Any further economic slowdown and companies may choose to dig into their stocks rather than put in fresh orders or step up production. My guess is that de-stocking will be the excuse wheeled out for a lot of disappointing results over the next 12 months.

Professor's brainstorm

SOUTHERN Electric's U-turn on Friday - it abandoned takeover talks with neighbouring South Western Electricity just nine hours after confirming them - is acutely embarrassing for both sides. And they are seething about it.

For Sweb, which faces a hostile bid from the confusingly named Southern Electricity International of the US, chances of independence look slimmer by the hour. Finding another white knight will be much harder this far into the battle.

Meanwhile, Southern (the British one) is left with egg on face. Its friends might claim that it was getting cold feet about the deal anyway. The plunge in its share price when the talks became known can hardly have encouraged it.

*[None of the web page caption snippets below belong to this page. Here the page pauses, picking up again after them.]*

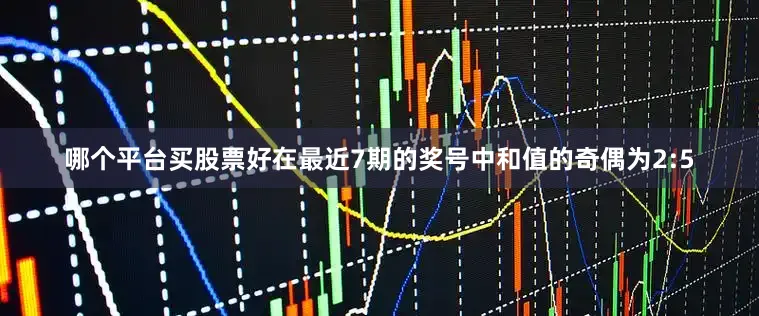 哪个平台买股票好在最近7期的奖号中和值的奇偶为2:5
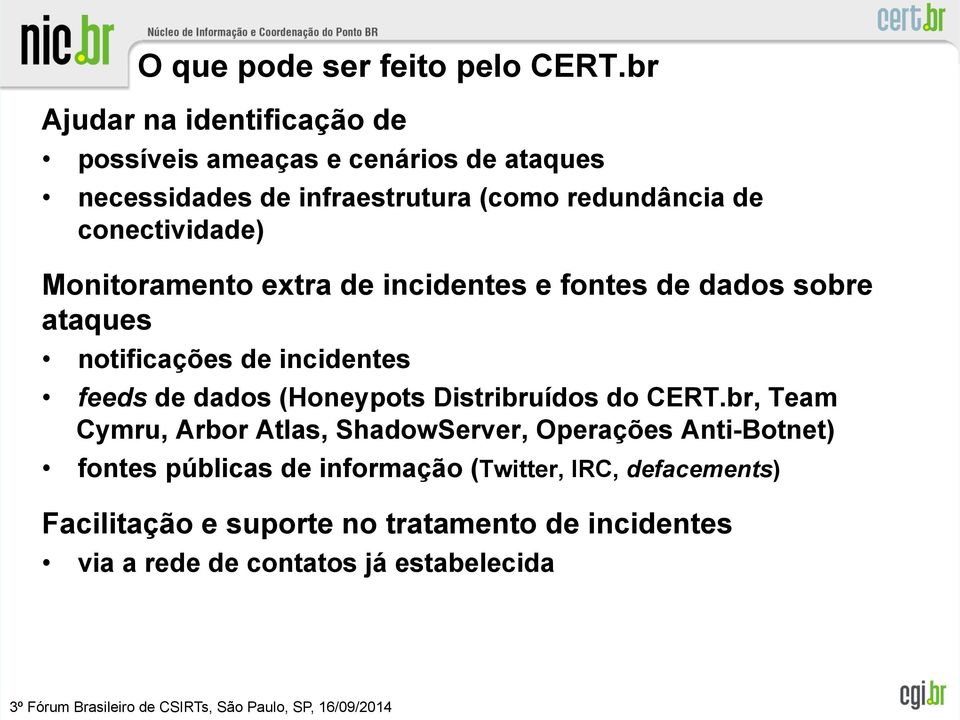 conectividade) Monitoramento extra de incidentes e fontes de dados sobre ataques notificações de incidentes feeds de dados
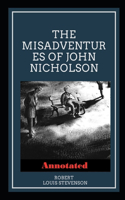 The Misadventures of John Nicholson Annotated: penguin classics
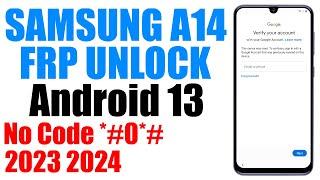 Samsung A14 FRP Bypass Android 13 New Method  100% Working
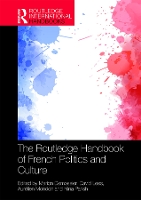 Book Cover for The Routledge Handbook of French Politics and Culture by Marion University of Southampton, UK Demossier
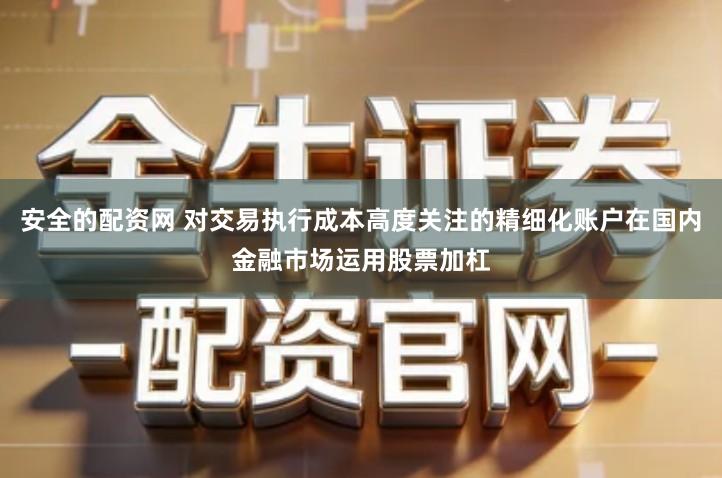 安全的配资网 对交易执行成本高度关注的精细化账户在国内金融市场运用股票加杠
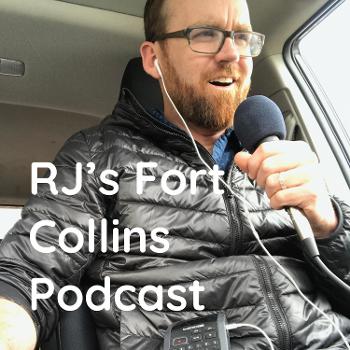 RJ's Fort Collins Podcast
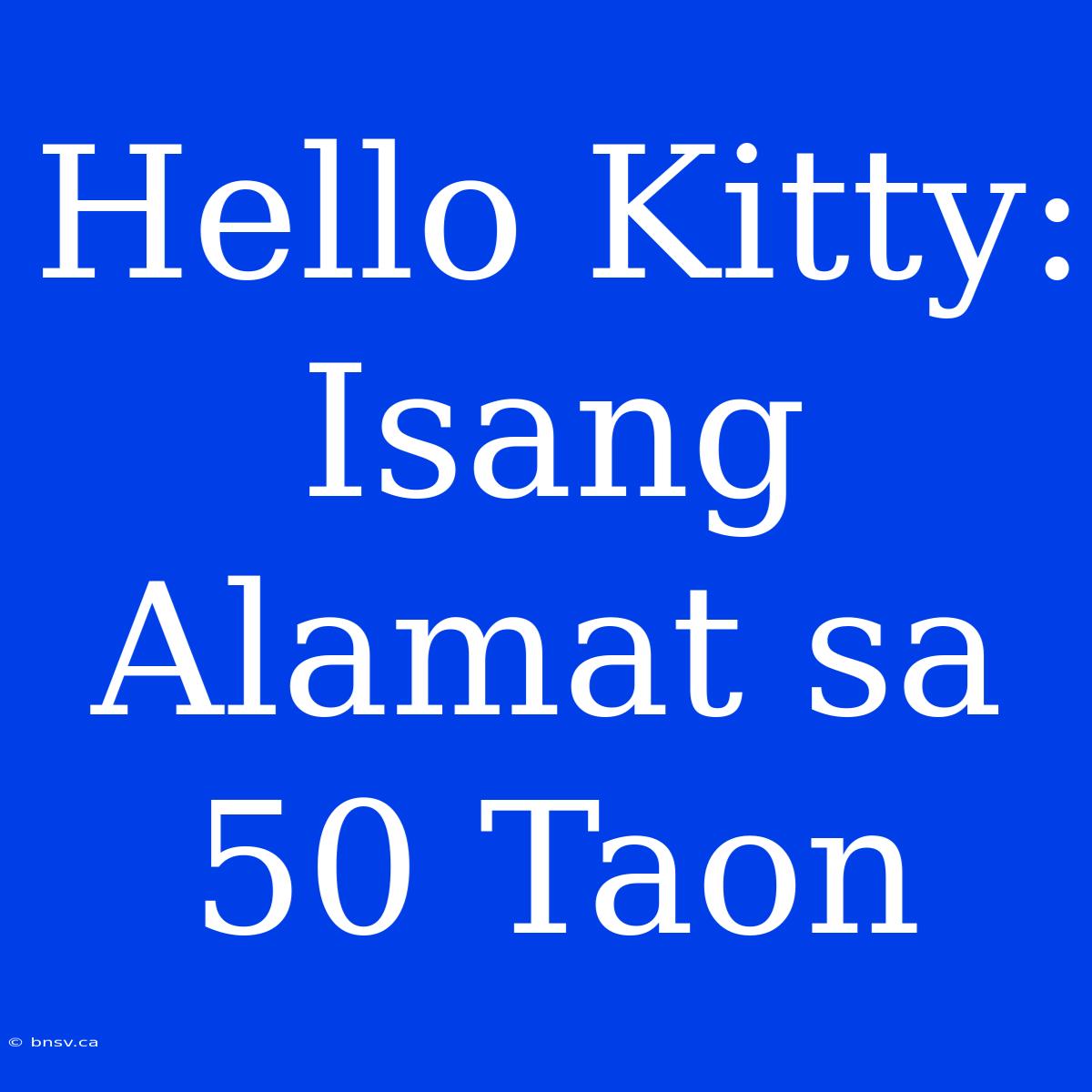 Hello Kitty: Isang Alamat Sa 50 Taon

But as I understand it, the two sides were all the way up the aisle and nine-tenths of the way through their vows. The price was agreed - pounds 1.2bn; the terms were set - 75 per cent cash, 25 per cent Southern shares; the deal announcement was drafted. Then like a scene out of Jane Eyre, up pops Professor Stephen Littlechild to forbid the banns.

It seems Professor Littlechild, the industry regulator, would not agree to treat the two bids in the same way. Southern wanted both cleared, or failing that, both referred to the Monopolies and Mergers Commission.

Sweb will now try to stir up some political pressure. The story will be that the four million households served by Southern and Sweb will miss out on rebates that been planned to follow the takeover.

Meanwhile, the problem remains that no one quite knows what kind of vision Professor Littlechild has for the industry. He has hinted he is not averse to consolidation, suitably regulated of course. Yet he offers no indication of how that can be achieved. Until he plainly sets out his stall, there will be more cock-ups like last Friday's.

Take it easy

THE latest froth in the shares of the regional electricity companies underlines just how cheaply they were sold off five years ago, as we describe in our cover story. NM Rothschild, the merchant bank which advised the 12 RECs, played a key role. It did not put a foot wrong. It would have been failing in its duty to its clients had it not pushed for the lowest possible float price. It did a wonderful job for the REC managers - and a terrible disservice to taxpayers.

There's a simple solution to prevent the Exchequer being so humiliatingly shortchanged in future. Privatise gradually. The Government has already partly learned its lesson, selling only half its shares in the electricity generators. That wisdom saved it hundreds of millions of pounds when the remaining rumps were sold for much higher prices. It's a lesson the Department of Transport should take on board as it prepares to sell off Railtrack.